Our Little World
Karen Winn
Dutton
2022
Ms. Hen decided to read the novel because she won it as a prize! She went to a Zoom meeting that was the annual book party for the National Writers Union of Boston, and she won the trivia contest. She got to pick one book that an author read, and she picked this because it was the only novel. Ms. Hen prefers novels most of the time.
This book is about two sisters, Borka and Audrina, growing up in 1985 suburban New Jersey. Borka, or Bee, as she prefers to be called, is the narrator, and she is jealous of her younger sister, because she is beautiful and popular. A family moves in across the street, with a boy Bee's age, Max Baker, and a four year old girl, Sally. They become friends.
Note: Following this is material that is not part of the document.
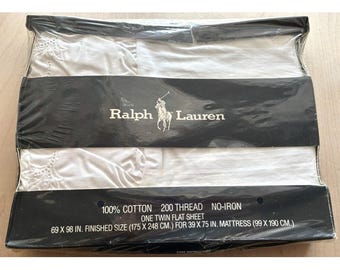 Vintage Ralph Lauren Spannbettlaken, Einzelbett, neu und originalverpackt, weiß, mit Ösen, Baumwolle, Blockhausmuster, Patience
The children and Mrs. Baker go to the lake, and Sally disappears. They police scour the lake and the woods, and she isn't found. Both Bee and Audrina are devastated, they don't know how to handle it. They both adored Sally. Max and his family are crushed. When Bee goes back to school she becomes popular because she is associated with Sally. Bee enjoys her life for a short time, albiet for a price. The next school year, things are different for Bee.
Ms. Hen thinks this novel is a wonderful example of writing through the eyes of children, which is something as a writer she does not do often. In order to write like a child, an author has to get into their mind, and think like one, with their fears and anxieties and childlike obsessions. Bee is a great character because she is realistic, she has a small view of the world, like a child should. She thinks mostly of herself and her problems, and doesn't understand life yet.
Even though Ms. Hen was interested in the story and the relationship between the sisters, she found some inconsistencies in the research. Ms. Hen was the exact age that Bee was in 1985, so she remembers that era. The term "playdate" was not used in the Eighties, but it is used in this novel. Two boys meeting Bee were both wearing North Face jackets, and nobody wore those in the Eighties. Also, Mrs. Baker smokes cigarettes, and the girls think that is strange, but most women smoked in the Eighties, so it wouldn't have been unusual. Ms. Hen thinks the author might not have been old enough to remember these facts, but Ms. Hen does, because she is a hen who remembers.
Ms. Hen liked this novel. It is not the kind of book she has been reading lately, but it's nice, a heartwarming story, one that's about family, and the complexities of love within a family. Life happens, and we have to keep going on.